Of course that comes from differentiating and setting the position to zero. I mentioned it because I think the purpose of the question was to show that you know the speed is maximum when the amplitude is 0 and minimum when the amplitude is a maximum.

 

[Niles]

In c), when they are asking for the transversal velocity - can I use v = lambda*frequency? I mean, does this also apply to finding the transversal velocity of a standing wave?

And if I wish to find the velocity of the point P in the first position (question d) using v(x,t), which values for x and t should I plug in?

 

[Kurdt]

In c), when they are asking for the transversal velocity - can I use v = lambda*frequency? I mean, does this also apply to finding the transversal velocity of a standing wave?

Yes you can. You need it for part e.

And if I wish to find the velocity of the point P in the first position (question d) using v(x,t), which values for x and t should I plug in?

I assume you have some sort of equation of the form:

[tex] y(x,t) = A_n\sin\left(\frac{2\pi x}{\lambda_n}\right)\cos(\omega_nt) [/tex]

The x position will be 1/4 the wavelength and the time will be 0.

 

[Niles]

I use this equation for a standing wave:

y(x,t) = 2*A*sin(kx)*sin(wt).

When I diff. wrt. time, I get v(x,t) - I find that the velocity at position 1 is w*A and velocity at position 3 is negative? This doesn't see correct.

For position 1: v(0.125 ; 0) = 2*A*sin(k*0.125)*cos(0), where k = 2*pi*f.

 

[Kurdt]

The equation you have assumes different starting conditions. Thats the problem with the differential equation is you always have to factor in the starting conditions or assumed starting conditions. You can of course just phase correct it.

 

[Niles]

Ok, now it's correct for position 1, but for position 3 it gives me that v_y = -0,95*A*w. I can't see why it isn't just -A*w? I use the time t = 0.036 (the time it takes for three pictures).

To phase i correctly, I added a -pi/2.

 

[Kurdt]

What are you using for omega? remember that [itex] \omega = 2\pi f[/itex].

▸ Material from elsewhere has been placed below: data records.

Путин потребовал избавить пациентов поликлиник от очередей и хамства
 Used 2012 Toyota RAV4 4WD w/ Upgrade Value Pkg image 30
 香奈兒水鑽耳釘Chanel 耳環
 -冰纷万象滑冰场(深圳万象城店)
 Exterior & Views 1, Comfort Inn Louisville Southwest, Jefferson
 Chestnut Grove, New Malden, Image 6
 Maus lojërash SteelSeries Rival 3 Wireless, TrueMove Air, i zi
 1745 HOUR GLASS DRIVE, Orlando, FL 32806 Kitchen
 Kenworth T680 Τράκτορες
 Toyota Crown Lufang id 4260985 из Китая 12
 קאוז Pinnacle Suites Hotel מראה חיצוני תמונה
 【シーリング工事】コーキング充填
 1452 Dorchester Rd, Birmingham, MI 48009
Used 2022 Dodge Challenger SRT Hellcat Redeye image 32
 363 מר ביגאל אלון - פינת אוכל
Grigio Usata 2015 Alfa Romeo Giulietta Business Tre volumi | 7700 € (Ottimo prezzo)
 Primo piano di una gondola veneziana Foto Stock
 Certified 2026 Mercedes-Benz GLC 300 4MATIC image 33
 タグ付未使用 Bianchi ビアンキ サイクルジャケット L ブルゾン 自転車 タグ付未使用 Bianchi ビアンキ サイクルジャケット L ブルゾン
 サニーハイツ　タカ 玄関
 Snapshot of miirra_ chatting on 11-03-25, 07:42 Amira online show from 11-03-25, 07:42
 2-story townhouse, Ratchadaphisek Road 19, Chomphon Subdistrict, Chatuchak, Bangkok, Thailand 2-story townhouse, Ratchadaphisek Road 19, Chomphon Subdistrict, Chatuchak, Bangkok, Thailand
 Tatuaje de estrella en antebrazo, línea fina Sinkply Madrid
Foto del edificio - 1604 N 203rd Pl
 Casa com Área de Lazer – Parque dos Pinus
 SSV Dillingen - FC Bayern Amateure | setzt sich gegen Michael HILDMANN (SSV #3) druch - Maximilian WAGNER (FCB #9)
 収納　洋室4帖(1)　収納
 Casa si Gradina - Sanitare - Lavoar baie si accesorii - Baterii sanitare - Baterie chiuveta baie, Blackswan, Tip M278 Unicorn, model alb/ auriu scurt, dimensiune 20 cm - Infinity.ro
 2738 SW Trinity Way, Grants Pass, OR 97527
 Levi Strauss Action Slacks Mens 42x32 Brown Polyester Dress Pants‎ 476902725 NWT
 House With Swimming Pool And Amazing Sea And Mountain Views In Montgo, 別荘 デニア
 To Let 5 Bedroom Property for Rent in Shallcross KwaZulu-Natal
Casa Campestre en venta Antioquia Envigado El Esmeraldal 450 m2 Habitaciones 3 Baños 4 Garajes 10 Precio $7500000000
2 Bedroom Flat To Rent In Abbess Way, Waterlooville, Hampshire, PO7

Just noticed as well in hind sight that the time from the first to the last photo will be 4 times the time between frames. This is because if frame 1 is t = 0 then frame 5 will be 4 times the time between frames. Therefore the time from 1 - 3 will be 0.024s.

 

[Niles]

Of course, I see. Now it's correct - thanks :-)

 

[Kurdt]

Sorry I didn't spot it earlier.